When I walked the Camino del Norte in 2015, I learned how to truly be independent on a long-distance walk. I learned how to ask myself what I both needed and wanted, and I learned how to give that to myself. I learned when I needed to show up for others, and when I needed to go my own way. I sort of figured out that I loved the freedom of being alone on the Camino Francés, but I gave myself that freedom on the Camino del Norte, and I’ll never, ever forget what that felt like.
So the Norte has had this special role in all of my Camino-ing, and for the past several years I’d been adding to a document on my desktop, making notes for my next walk on the Norte, knowing that someday I’d return.

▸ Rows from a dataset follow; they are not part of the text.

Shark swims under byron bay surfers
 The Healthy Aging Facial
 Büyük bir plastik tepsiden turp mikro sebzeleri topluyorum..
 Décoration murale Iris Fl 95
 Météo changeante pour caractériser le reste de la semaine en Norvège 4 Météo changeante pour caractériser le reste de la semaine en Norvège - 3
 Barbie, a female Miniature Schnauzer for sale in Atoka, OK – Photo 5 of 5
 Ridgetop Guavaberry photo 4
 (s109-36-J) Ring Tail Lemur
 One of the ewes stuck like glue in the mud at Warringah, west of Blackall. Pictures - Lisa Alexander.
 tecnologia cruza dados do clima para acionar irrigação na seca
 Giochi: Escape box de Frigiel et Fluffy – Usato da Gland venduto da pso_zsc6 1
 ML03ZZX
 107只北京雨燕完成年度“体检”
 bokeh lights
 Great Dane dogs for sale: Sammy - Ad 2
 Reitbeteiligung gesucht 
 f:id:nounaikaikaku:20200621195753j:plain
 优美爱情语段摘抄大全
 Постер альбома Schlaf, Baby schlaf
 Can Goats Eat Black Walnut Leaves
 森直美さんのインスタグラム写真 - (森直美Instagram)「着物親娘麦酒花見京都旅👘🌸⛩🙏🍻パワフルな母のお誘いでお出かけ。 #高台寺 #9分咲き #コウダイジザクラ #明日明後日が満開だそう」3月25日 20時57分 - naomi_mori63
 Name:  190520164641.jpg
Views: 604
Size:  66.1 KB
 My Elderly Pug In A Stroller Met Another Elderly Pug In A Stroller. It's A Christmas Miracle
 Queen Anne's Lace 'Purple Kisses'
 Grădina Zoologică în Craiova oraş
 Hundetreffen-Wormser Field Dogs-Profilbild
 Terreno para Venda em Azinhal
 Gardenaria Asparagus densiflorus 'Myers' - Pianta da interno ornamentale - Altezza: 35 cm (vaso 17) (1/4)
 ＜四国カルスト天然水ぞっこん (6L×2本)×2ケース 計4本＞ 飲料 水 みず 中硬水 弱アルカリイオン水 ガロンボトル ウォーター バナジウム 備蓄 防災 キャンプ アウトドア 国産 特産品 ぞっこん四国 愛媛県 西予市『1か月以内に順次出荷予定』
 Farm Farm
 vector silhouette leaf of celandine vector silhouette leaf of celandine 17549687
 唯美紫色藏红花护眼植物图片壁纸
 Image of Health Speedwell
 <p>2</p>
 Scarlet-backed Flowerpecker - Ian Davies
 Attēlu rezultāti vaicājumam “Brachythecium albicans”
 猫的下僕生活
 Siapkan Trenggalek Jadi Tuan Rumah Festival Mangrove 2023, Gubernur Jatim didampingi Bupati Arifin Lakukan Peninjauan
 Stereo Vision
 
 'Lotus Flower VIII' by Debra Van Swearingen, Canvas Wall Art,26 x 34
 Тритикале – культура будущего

All of this and yet, even though I’d sort of decided that I would probably walk the Norte after I finished the Aragonés this summer, I wasn’t totally convinced. In fact, I didn’t make a final decision until the day before. I hesitated and hesitated because I didn’t quite feel ready to repeat a walk that I’ve already done.
There are so many other walks out there! There are so many other experiences to have! Despite sometimes feeling like I could live forever, I know that I won’t. Despite feeling young and strong, I know that I’m aging out of my youth (maybe already have). And what if my situation, having 8-weeks of freedom every summer, what if it changes? Because surely, one day, it will. Maybe soon. And all of these thoughts made it really difficult to say with any certainty: “Yes, I’m going to walk the Norte again.”
So I hemmed and hawed and honestly one thing that made the decision kind of easy was that, as I was finishing the Aragonés, I was walking through a heatwave. It was intense. Sitting at a table surrounded by pilgrims in the albergue in Puente La Reina, I could feel the sweat rolling down my back, my legs. I wasn’t even moving or exerting any energy, it was just that hot. I looked at the weather app on my phone and checked the temperature in Irun and it was significantly cooler and my decision was made. Go north. Go to Irun, start walking.
This has been a long introduction to a post where I wanted to talk about what it was like to repeat a Camino, so here we go:
It wasn’t what I expected.
It felt nearly like a totally new experience.
And I guess that makes sense, though I certainly didn’t anticipate that I would feel that way. But maybe I should know better: I don’t have the greatest memory, and I marvel at people who can remember specific details about their long-distance walks, especially details of the landscape. I think back on my walks and I can certainly remember the bigger picture, and the memorable moments are etched into my brain, and I take photos and write in my journal (and blog!) to try to remember the details, but so much of the daily walking just gets lost.
I just didn’t realize how much of it escapes my memory, I didn’t realize it until I went back to the Norte. Because once I started walking, there was so much I didn’t remember. In fact, there was a point where I was convinced that the path had been altered considerably since I’d last been there, like they’d rerouted big portions, because I just had no memory of it! I arrived at an overlook over the beach of a sizable town and… nope, nothing. Had this part of the Camino even existed in 2015? Had this beach even been there at all??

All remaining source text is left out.